I have a few words (‘for what it’s worth’) for Al Mohler to consider in his response to An Evangelical Manifesto.

He writes:
“[The Manifesto] leaves out the question of the exclusivity of salvation to those who have come to Christ by faith. The use of the phrase “for us” in strategic sentences makes one wonder if room is left for some manner of inclusivism or universalism? The door is certainly not adequately closed. Do all of the signatories announced on May 7 affirm that sinners must come to believe in the Lord Jesus Christ in order to be saved? This is one of the most crucial questions for Evangelical identity.”

Good grief, (notwithstanding Alan Jacob’s harsh, and in my opinion, red herring critique) it’s a Manifesto for crying outloud, not a full-blown theology of evangelicalism. Those who have read enough from Guinness, George, Mouw, et al. should know they’re not denying the exclusivity of the Gospel message. Mohler’s charge here is simply unfair to them.

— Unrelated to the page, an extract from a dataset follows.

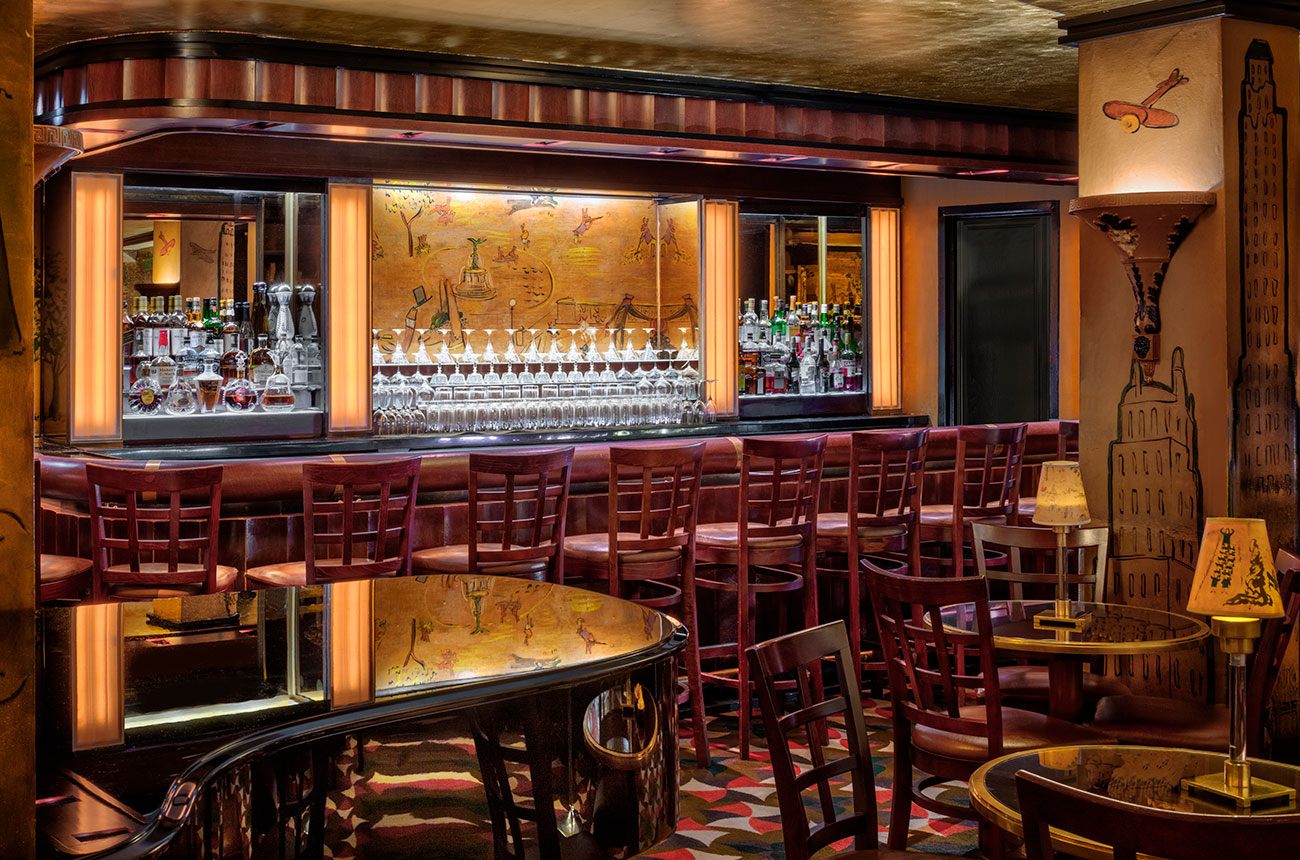 Bemelmans bar, new york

A second “complication” Mohler raises is along the lines of being out of scope. He writes “[the Manifesto is] relegating the Evangelical understanding of the Gospel to just one among many Christian traditions undercuts our witness and sows seeds of confusion.” However, where the Gospel is clearly presented in full biblical faithfulness, then we must rejoice wherever it lands outside our favored traditions. After all, the Apostle Paul could rejoice at the proclamation of the Gospel in many varieties (Philip 1:15-18).

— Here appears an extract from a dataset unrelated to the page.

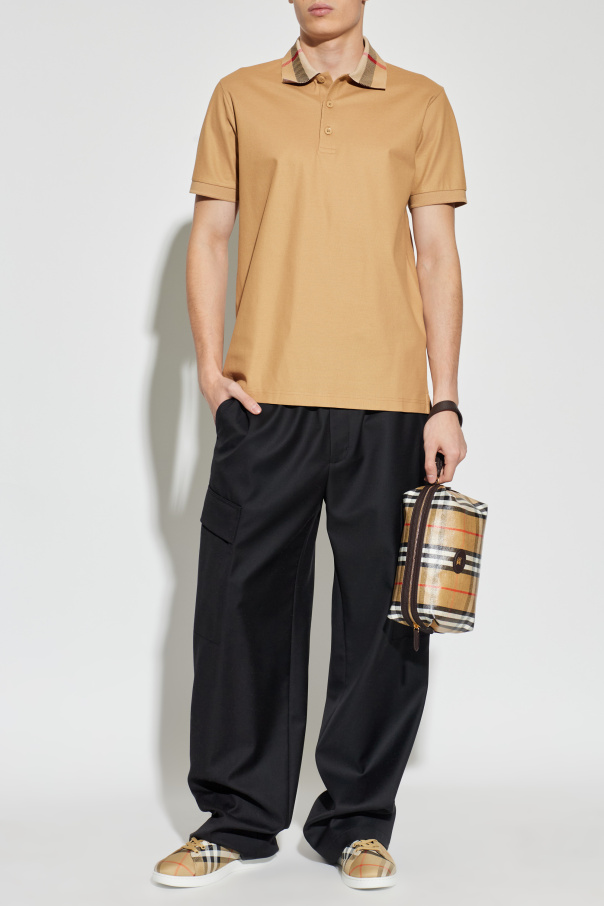 Burberry Polo de algodón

Thirdly, bringing in the “those who believe in a young earth cosmology” misses, again, the nature of Manifesto’s scope. As I understand, the document is not intended to address specifics, and so this charge is unwarranted. Mohler states, for example, “This represents millions of Evangelicals — perhaps by many surveys the vast majority. Are they (we) to be written out of Evangelicalism?” Of course not, Al! After all, that would be cutting off one’s Manifesto nose to spite one’s Manifesto face. The Manifesto was meant to be inclusive among the evangelical traditions, right?

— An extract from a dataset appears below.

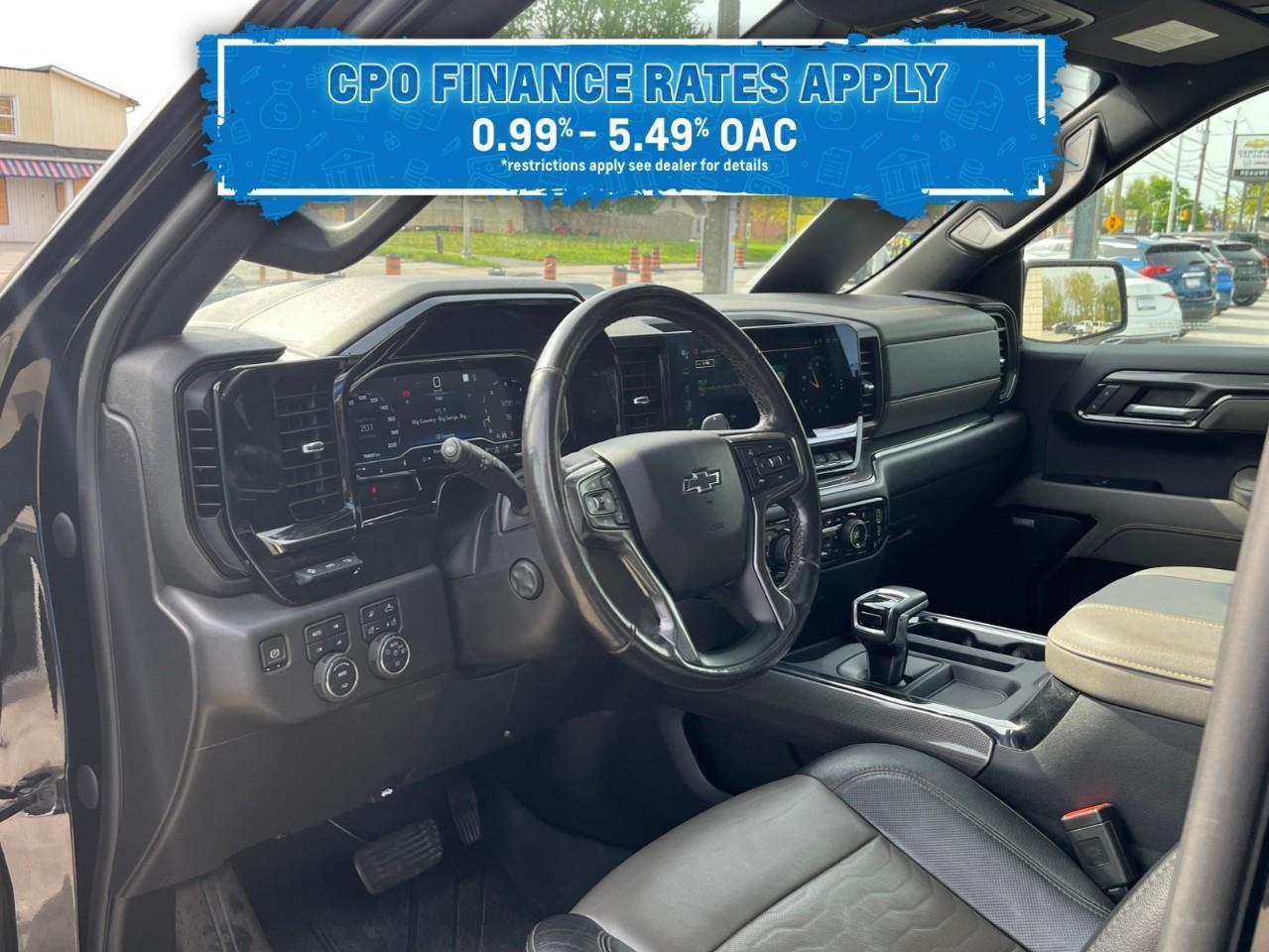 2023 Chevrolet Silverado 1500 ZR2 CPO FINANCE RATES 0.99%-5.49% OAC Photo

Fourthly, “what the document never makes clear is how to hold to deep moral and political convictions, based in biblical principles, without running the danger of identification with a political agenda — at least to some extent. ” Good point, Dr. M. Read Carson’s Christ and Culture Revisited for a good treatment on this.

Fifthly, Dr. Mohler gives a half-hearted approval to the Manifesto’s call to civility saying “this is a good and helpful statement . . . as far as it goes.” The “as far as it goes” indicates to me that he’s granting the benefit of the doubt on this point. Why not grant that to the entire Manifesto and sign it, Al? C’mon man, lighten up! Seriously though, to suggest that a call to civility is tantamount to “endless dialogue rather than specifics on how to” is the very critical attitude that the Manifesto is trying to correct. Good grief, it’s a Manifesto, not a manual! It was not intended to be this far reaching.

Okay…I feel better now ;-> and thanks, for listening to my rant.